Hi I recently bought a house and the previous owner left a TV a pretty nice one at that.
However as you may expect the TV has problems the back is opened up and there is no picture or sound. It however does start up which is a +. When attempting to change channels it shows a handfull of colorful lines. and if I leave it alone for a bit every 20 seconds it does the same thing. I feel this TV is fixable I just need a little help. 
The make is.
AOC
The model is.
A42HD84.


Any help is much appreciated!

I recently did a bit of searching and I think I may of found the problem either the powersource is bad or one of the boards is bad. How would I go about checking to see if either the powersource is bad or one of the boards is bad?


----------



## Doobleshaft (Jun 29, 2008)

I'm no electronics expert but I did find once that a solder joint was bad on a turn table through some simple testing.

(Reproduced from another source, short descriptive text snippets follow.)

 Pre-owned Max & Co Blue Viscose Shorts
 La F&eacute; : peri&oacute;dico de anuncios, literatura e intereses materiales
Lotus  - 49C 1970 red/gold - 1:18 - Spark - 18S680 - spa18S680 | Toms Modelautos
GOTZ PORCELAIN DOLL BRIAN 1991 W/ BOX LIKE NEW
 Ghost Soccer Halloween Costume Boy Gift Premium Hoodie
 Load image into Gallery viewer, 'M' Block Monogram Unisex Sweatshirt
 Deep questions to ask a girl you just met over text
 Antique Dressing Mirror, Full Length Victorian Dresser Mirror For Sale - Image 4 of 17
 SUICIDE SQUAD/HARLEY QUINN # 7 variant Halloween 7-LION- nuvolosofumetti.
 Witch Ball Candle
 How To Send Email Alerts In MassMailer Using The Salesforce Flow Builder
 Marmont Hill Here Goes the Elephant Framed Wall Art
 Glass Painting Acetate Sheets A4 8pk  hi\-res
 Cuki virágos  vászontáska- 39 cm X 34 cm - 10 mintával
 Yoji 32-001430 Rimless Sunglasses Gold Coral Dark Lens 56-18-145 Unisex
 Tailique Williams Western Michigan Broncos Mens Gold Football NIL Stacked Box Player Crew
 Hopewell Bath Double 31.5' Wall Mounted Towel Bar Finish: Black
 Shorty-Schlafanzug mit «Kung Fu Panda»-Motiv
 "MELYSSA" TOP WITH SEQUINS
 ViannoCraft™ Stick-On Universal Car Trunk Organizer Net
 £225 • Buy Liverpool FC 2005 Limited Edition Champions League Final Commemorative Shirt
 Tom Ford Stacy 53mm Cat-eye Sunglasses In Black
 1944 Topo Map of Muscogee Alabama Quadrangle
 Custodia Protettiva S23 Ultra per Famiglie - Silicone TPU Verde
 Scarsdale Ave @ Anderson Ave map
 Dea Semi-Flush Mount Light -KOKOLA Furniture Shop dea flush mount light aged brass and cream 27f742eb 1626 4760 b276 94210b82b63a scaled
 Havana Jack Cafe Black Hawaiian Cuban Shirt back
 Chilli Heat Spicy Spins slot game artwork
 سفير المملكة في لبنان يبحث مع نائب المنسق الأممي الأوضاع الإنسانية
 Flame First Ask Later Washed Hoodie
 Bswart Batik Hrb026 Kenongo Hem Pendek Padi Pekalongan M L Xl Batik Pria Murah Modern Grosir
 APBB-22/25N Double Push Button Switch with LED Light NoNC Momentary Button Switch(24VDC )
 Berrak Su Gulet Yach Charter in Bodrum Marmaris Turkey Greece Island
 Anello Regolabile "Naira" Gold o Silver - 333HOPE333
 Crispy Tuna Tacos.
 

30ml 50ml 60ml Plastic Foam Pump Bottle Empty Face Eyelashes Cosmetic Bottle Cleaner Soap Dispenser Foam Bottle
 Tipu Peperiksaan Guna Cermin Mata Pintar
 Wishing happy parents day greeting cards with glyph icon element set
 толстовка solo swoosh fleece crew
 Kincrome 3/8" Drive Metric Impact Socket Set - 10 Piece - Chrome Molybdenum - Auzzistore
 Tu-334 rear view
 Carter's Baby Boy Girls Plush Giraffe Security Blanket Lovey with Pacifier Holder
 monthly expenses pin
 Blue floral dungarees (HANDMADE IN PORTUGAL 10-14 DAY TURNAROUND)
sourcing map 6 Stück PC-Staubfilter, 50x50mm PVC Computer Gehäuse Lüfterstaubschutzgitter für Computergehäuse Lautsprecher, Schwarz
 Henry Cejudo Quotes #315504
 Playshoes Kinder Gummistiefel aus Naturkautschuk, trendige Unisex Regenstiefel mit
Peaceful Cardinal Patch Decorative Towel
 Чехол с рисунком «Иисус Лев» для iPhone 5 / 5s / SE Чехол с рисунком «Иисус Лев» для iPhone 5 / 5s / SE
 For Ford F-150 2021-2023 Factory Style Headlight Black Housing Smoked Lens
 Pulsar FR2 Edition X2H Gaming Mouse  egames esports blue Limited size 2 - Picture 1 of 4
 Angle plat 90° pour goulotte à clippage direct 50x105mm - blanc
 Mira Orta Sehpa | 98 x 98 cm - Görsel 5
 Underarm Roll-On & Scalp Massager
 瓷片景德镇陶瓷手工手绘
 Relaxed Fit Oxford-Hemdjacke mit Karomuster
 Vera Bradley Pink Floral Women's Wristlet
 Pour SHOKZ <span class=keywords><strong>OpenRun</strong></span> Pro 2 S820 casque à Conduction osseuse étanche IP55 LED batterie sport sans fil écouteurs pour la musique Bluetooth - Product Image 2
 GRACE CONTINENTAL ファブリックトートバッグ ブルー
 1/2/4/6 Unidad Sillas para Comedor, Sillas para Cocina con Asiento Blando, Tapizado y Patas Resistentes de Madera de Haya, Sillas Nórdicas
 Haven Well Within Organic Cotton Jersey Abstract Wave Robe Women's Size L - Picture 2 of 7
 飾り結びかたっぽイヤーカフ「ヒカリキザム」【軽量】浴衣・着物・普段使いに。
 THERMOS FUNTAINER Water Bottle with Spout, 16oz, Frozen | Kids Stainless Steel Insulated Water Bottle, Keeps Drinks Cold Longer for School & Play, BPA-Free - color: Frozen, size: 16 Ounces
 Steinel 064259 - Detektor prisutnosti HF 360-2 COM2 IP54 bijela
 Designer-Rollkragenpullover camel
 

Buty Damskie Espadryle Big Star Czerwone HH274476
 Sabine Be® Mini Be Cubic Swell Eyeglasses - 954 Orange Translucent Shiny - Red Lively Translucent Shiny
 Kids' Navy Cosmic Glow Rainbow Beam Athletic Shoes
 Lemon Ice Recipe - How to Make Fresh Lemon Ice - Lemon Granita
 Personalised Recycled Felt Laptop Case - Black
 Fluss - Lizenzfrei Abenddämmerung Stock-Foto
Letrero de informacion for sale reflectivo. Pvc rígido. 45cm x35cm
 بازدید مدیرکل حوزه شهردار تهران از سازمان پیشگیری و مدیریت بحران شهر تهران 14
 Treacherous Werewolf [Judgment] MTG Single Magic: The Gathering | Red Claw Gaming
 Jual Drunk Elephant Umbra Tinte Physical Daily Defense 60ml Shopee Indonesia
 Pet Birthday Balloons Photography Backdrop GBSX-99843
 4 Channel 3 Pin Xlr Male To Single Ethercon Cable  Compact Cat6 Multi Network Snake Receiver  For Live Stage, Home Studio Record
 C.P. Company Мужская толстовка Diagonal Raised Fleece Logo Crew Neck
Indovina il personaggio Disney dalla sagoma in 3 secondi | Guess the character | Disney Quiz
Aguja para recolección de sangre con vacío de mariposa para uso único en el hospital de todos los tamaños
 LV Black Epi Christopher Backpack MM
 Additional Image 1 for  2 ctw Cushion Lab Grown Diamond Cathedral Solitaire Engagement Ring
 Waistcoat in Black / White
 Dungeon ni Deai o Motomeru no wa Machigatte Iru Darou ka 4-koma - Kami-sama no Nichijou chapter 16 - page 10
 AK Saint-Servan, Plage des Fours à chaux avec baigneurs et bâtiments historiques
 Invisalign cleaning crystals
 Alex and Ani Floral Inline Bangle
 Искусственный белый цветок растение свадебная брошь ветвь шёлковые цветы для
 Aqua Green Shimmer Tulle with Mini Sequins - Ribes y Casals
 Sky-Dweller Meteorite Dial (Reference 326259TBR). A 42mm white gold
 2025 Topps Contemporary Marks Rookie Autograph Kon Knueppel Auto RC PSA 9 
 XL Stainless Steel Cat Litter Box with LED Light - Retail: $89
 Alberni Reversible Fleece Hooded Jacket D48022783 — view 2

All I can suggest is (ideally plug the TV into a RCD socket if you do this), lay the tv face down and switch on.

Test first where the power comes it to ensure you have the expected AC voltage and then test at every solder point on the power supply inside which I would expect to be a separate board.

While you could be lucky and find an easy solder point to fix, it may be a whole board change. If you can easily remove that board though check the capacitors to see if they have bulged. If so and you can read what they are then you may be able to replace them and solve the problem.


----------



## greenbrucelee (Apr 24, 2007)

It's probably the inverter if it's lcd, if it's a plasma then the phosphors could be damaged.

You shouldn't really mess about with capacitors n stuff if you don't know what your doing.


----------